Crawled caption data
[Start of Attachment]

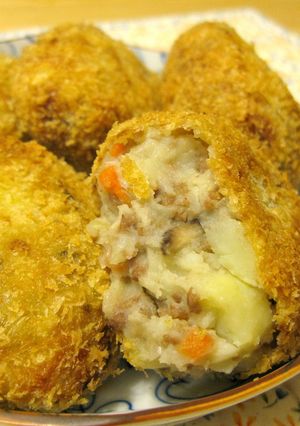 しいたけ香る♪ポテトコロッケ-レシピのメイン写真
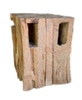 Natural Driftwood Side Table
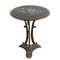 Cast Iron Side Table with Painted Slate Top 1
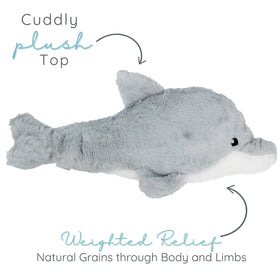 Warm Pals Dolphin lavender aroma enhances the calming experience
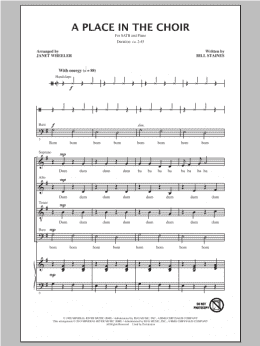 page one of A Place In The Choir (SATB Choir)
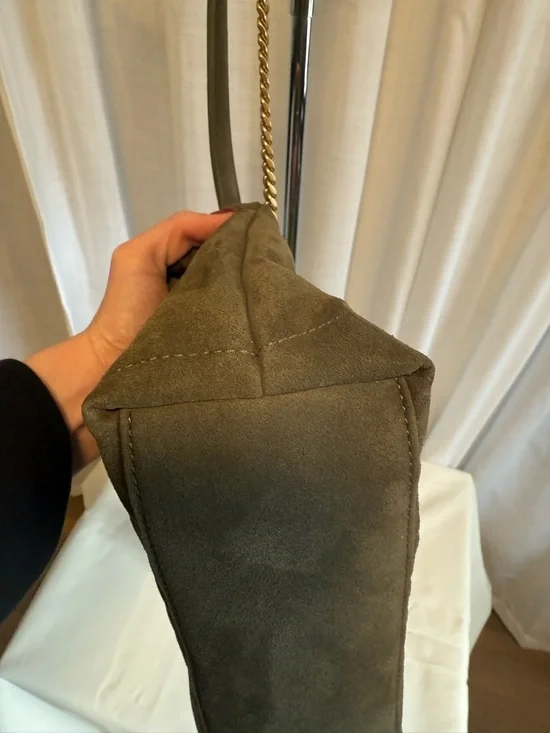 YSL Loulou puffer in suede - Picture 11 of 12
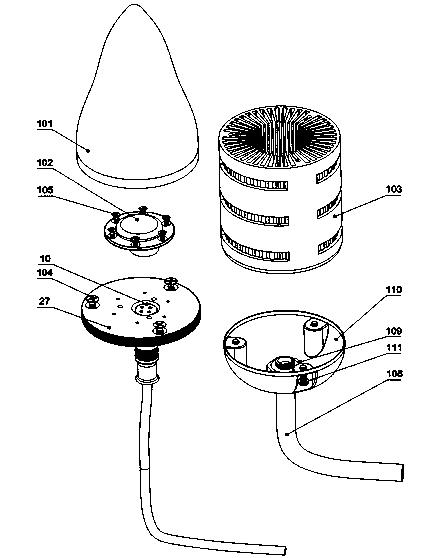 LED (light emitting diode) candle-type lamp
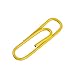 JAM PAPER Colorful Standard Paper Clips - Regular 1 Inch - Yellow Paperclips - 100/Pack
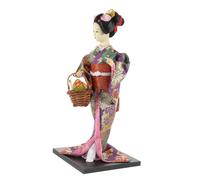 Amosfun Figurine Japonaise Geisha Kimono Traditionnel Ornement de Bureau Élégant et Décoratif pour Maison Style Aléatoire Décoration Dartisanat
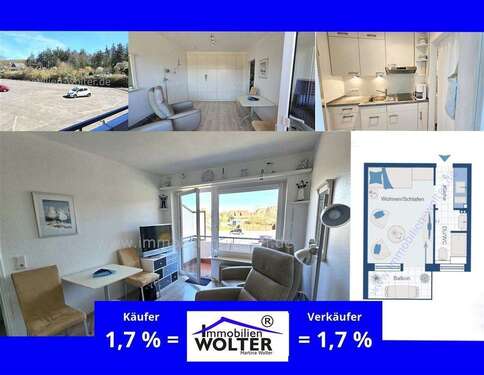 Foto - Wohnung zum Kaufen in Wyk auf Föhr 129.900,00 € 23 m²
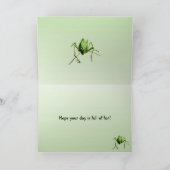 De Verjaardag van Katydid Kaart (Binnen)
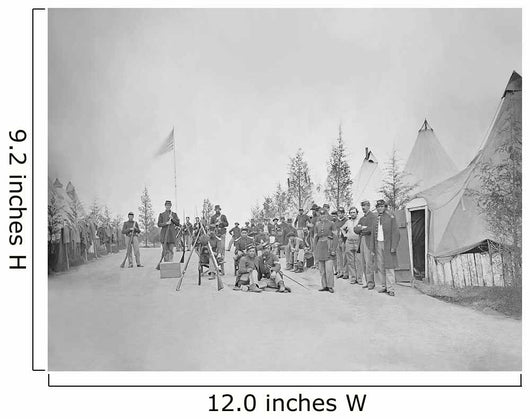 Military Camp with Soldiers Wall Decal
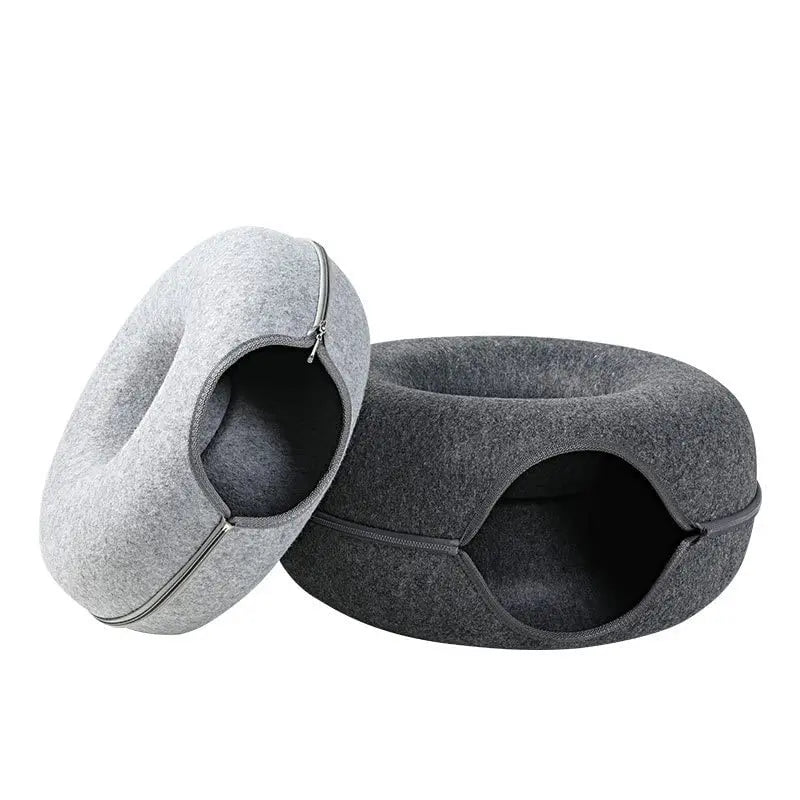 Donut Cat Bed, Interactive Tunnel 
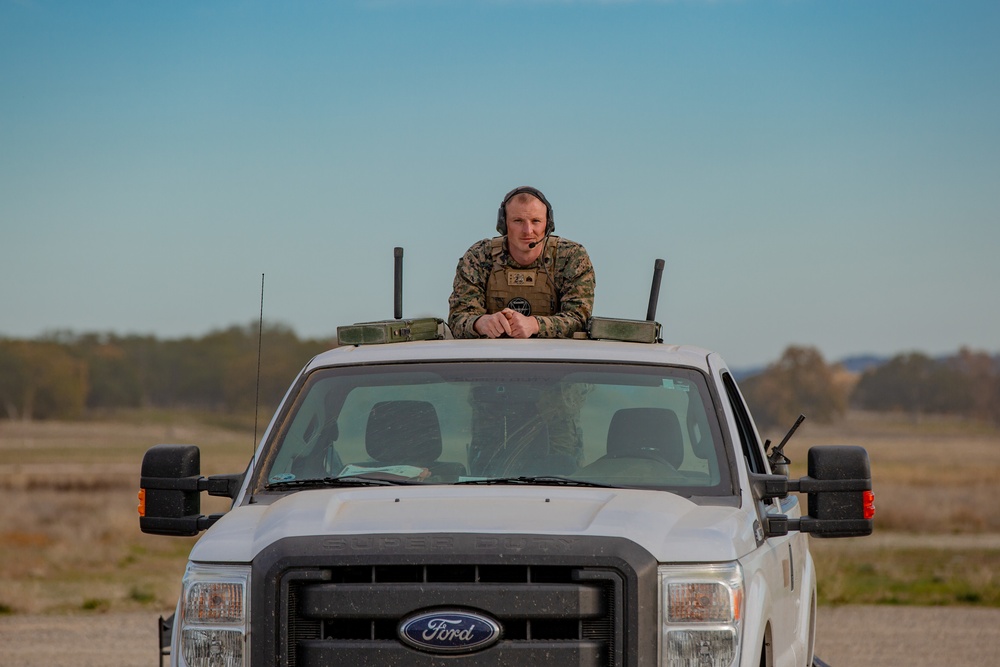 U.S. Marines and Sailors with Marine Wing Support Squadron 373 set up for a FARP during Steel Knight 22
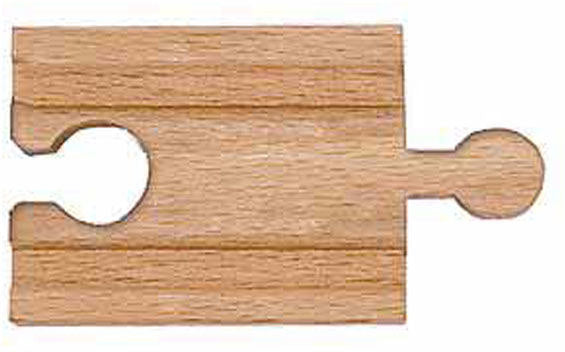 2" Wooden Straight Track (6 pack)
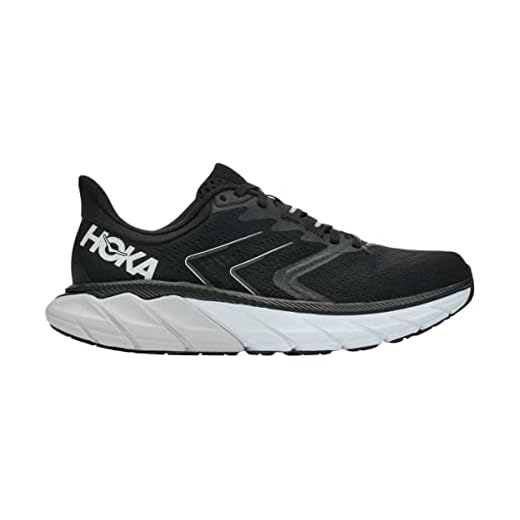 Hoka One En dam Arahi 5 textil syntetiska träningsskor, Svart vit, 39.5 EU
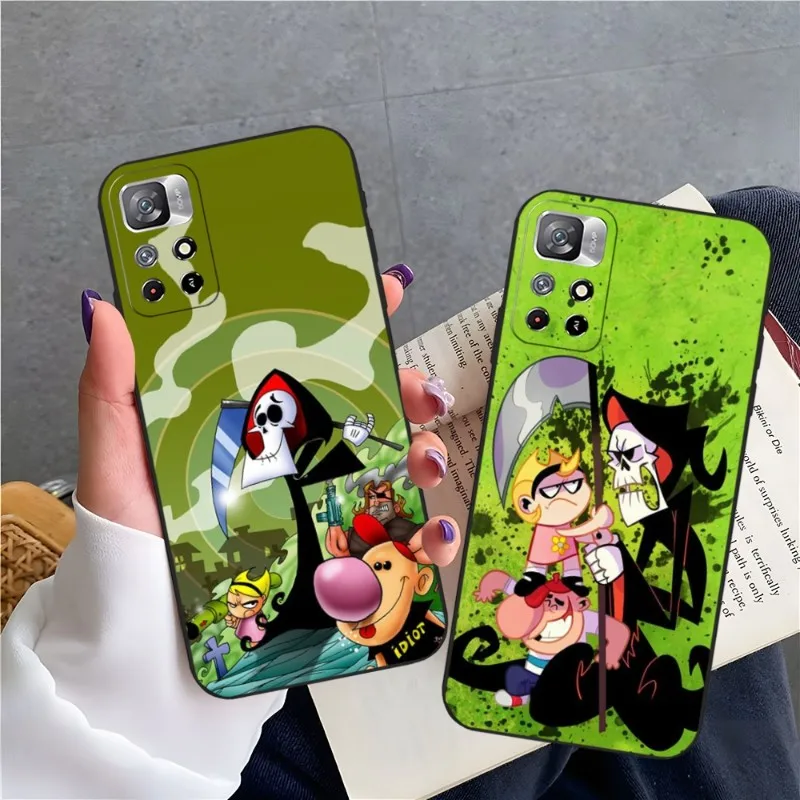 Grim Adventures Of Billy And Mandy Phone Case For Xiaomi Redmi 9T 9A 10A 9 10 8 8A Note 9S 7 11S 12 11 10S Pro Plus Cover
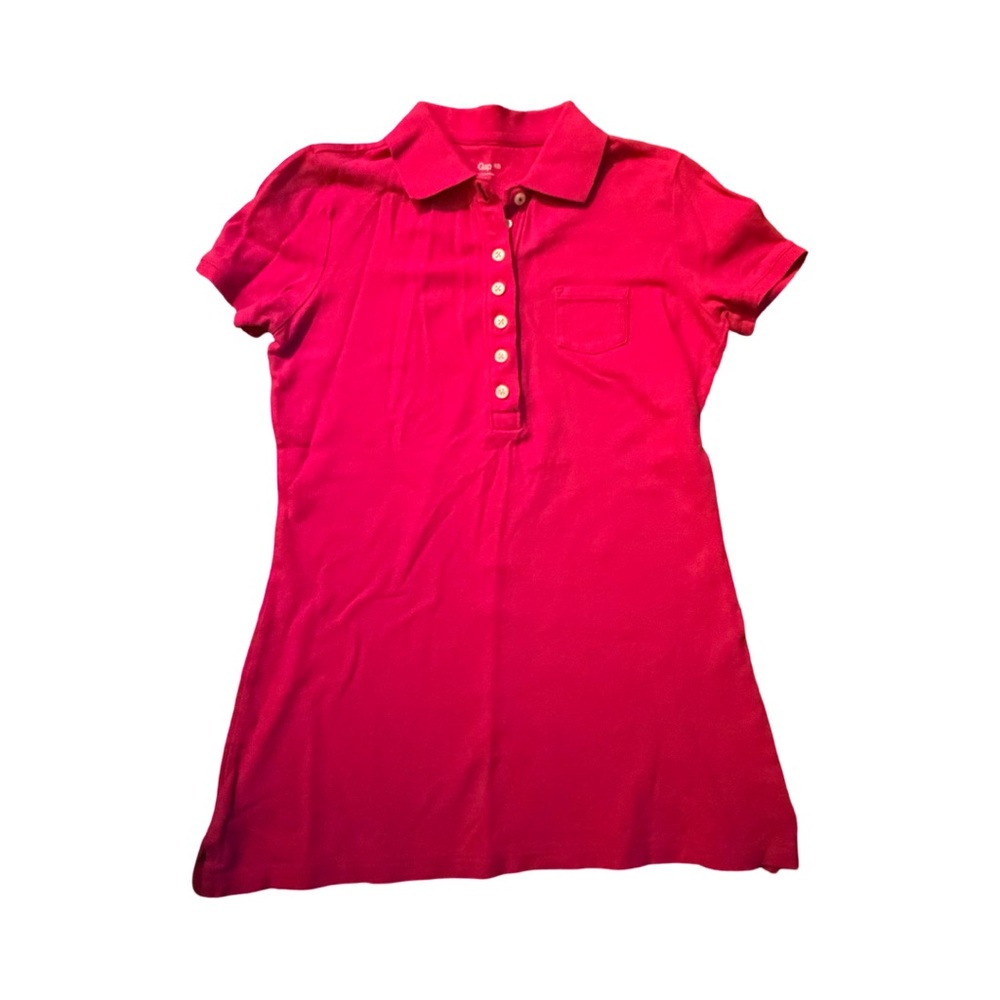 Gap‎ Fit Pink Short Sleeve Collared Polo Shirt Size XS - Picture 3 of 5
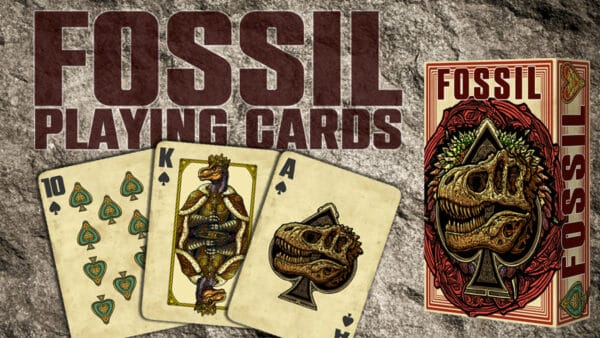 Fossil (Dinosaurs T-Rex, triceratops, +) Playing Cards by Emmanuel Valtierra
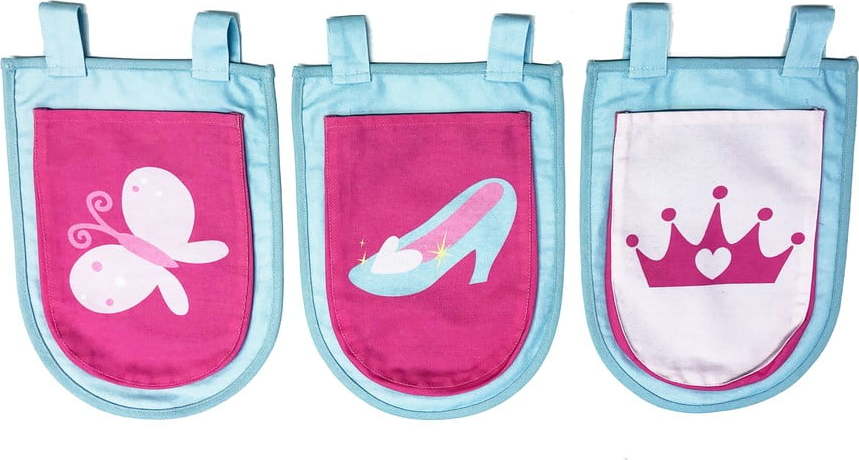 Sada 3 kapes k posteli Vipack Princess Vipack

[End of Attachment]

## [THE TASK]
In the records above, find the line containing "Grim Adventures Of" and restate it and every line after it word for word, all pictures excluded.

## [SOLUTION]
 Grim Adventures Of Billy And Mandy Phone Case For Xiaomi Redmi 9T 9A 10A 9 10 8 8A Note 9S 7 11S 12 11 10S Pro Plus Cover
 Gap‎ Fit Pink Short Sleeve Collared Polo Shirt Size XS - Picture 3 of 5
 Fossil (Dinosaurs T-Rex, triceratops, +) Playing Cards by Emmanuel Valtierra
 Sada 3 kapes k posteli Vipack Princess Vipack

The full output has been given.